Defendant pulled over because a police car fast approached him from behind, and the officer pulled in behind and turned on his take down light, they both stopped, and the officer walked up to the car with a flashlight in hand and leaned in the window. This was not a seizure under Illinois case law. Instead, the court finds this consensual and the encounter was justified by the community caretaking function. People v. Biagi, 2017 IL App (5th) 150244, 2017 Ill. App. LEXIS 1 (Jan. 5, 2017)*:

Here, the circuit court found that “the trooper activated his ‘take down’ lights, being white lights to illuminate the area, and exited his vehicle. These [a]ctions would be seen by the [d]efendant as a command to stay put. Therefore, [the] [d]efendant was detained by the trooper.” The defendant argues that the circuit court’s ruling should be affirmed because a reasonable person in these circumstances would not have felt free to leave. We disagree because this argument and the findings of the circuit court directly contradict established case law.

. . .

In summary, there was no coercive behavior by Williams, nor any threat thereof, nor was there any physical force or show of authority to restrain the defendant’s liberty.
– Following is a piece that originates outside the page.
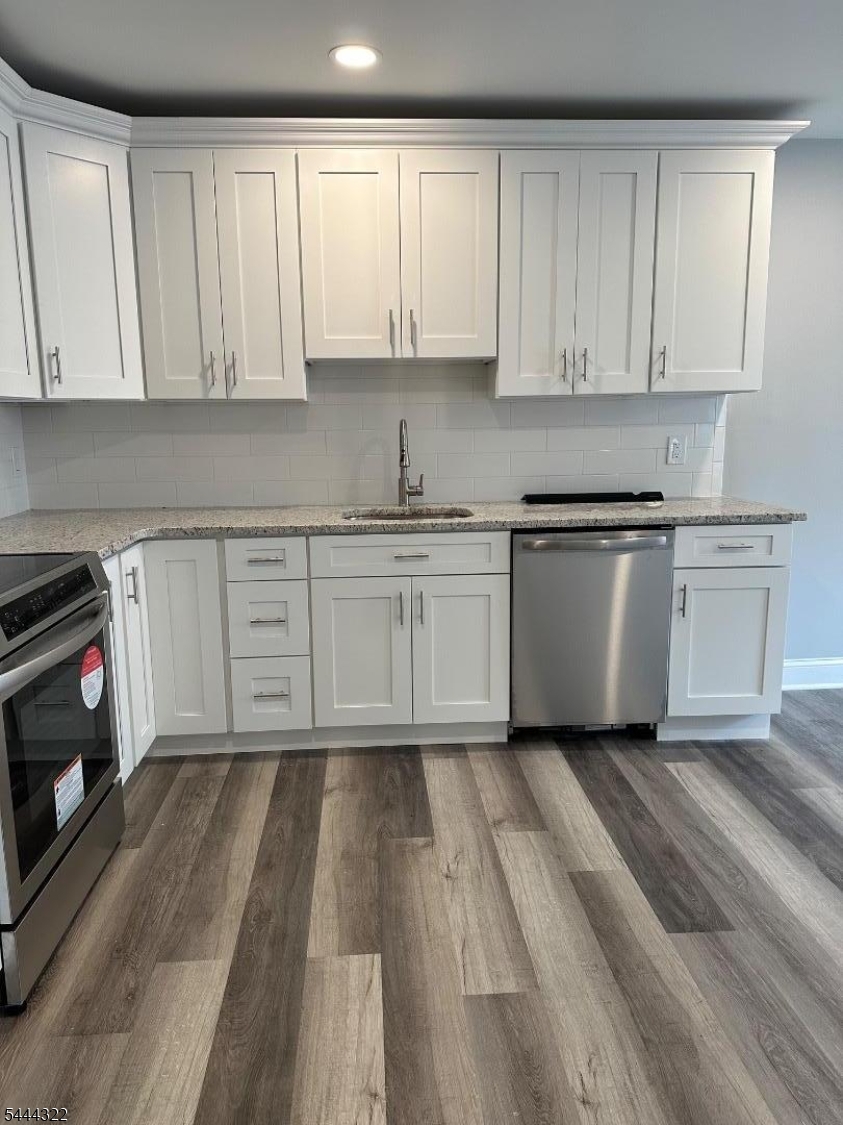 59 Edgewood Road Ringwood, NJ 07456 - Photo 11 of 30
See Luedemann, 222 Ill. 2d at 554-58. For these reasons, we find the encounter between the defendant and Williams—prior to Williams’s observation of signs that the defendant was under the influence—was consensual and not a seizure, thereby rendering inapplicable any fourth amendment implications. As a result, the circuit court erred by finding that a seizure had occurred and by granting the defendant’s motion to suppress evidence on that basis. Accordingly, we reverse the portion of the circuit court’s order that granted the defendant’s motion to suppress.